Articuler analyses globales et opérationnelles

En appeler à l’élargissement des horizons d’analyse pourrait être interprété comme une marque de défiance vis-à-vis des pratiques opérationnelles les plus usuelles. Mettre en avant le poids des tendances lourdes peut revenir à asseoir la compréhension du TGV davantage sur les explications globales du monde que sur les techniques d’observation et d’analyse de terrain. En réalité, le propos tenu ne vise pas à opposer deux pratiques scientifiques : celle du penseur de la société d’une part, celle de l’expert opérationnel de l’autre. Il vise plutôt à rééquilibrer l’analyse de la grande vitesse ferroviaire et de son cadre socio-technique de développement trop exclusivement fondée, jusqu’à nos jours, sur la seconde démarche.

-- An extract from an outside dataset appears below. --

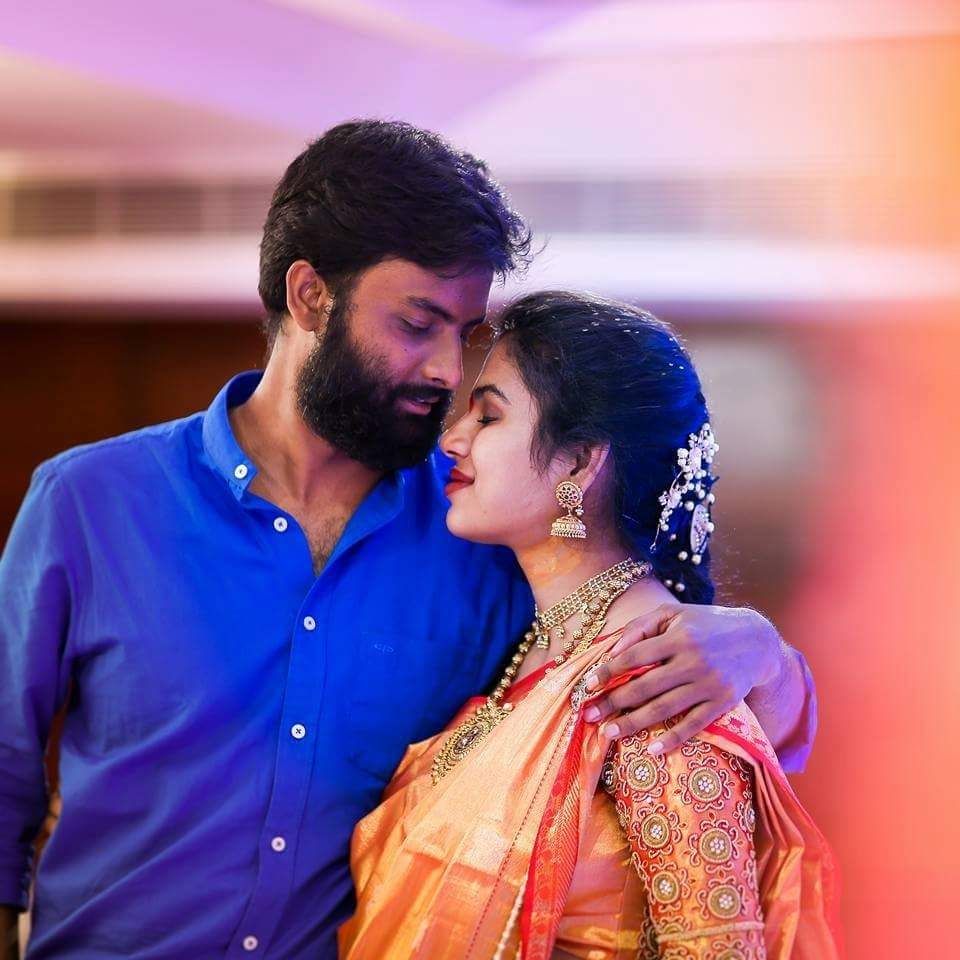 Singers Hema Chandra and Sravana Bhargavi dual unseen Photos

Tout au long des différents chapitres, les analyses du TGV sont largement appuyées sur des observations de terrain. Il ne s’agit donc en aucune manière de renier cette littérature et ces pratiques de recherche ou d’expertise. Il s’agit en revanche d’illustrer la possibilité de relecture de ces résultats, de montrer comment ils peuvent se trouver chargés de sens en étant articulés sur des problématiques plus larges. Il y a longtemps que cette démarche est mise en pratique dans le champ des télécommunications. Son importation dans le domaine des transports n’en paraît que plus prometteuse.

Intégrer de manière usuelle la prise en compte du long terme, des contextes globaux et des tendances lourdes aux analyses des projets de transport demeure une ambition de longue haleine. Des progrès doivent bien sûr être recherchés dans les dispositifs d’observation qui restent le plus souvent indifférents à ces préoccupations. Mais ces améliorations ne sauraient dispenser du travail amont de repositionnement des interrogations que suscitent un projet d’infrastructure et de la nécessité en aval de réinterpréter à de multiples reprises les données déjà rassemblées.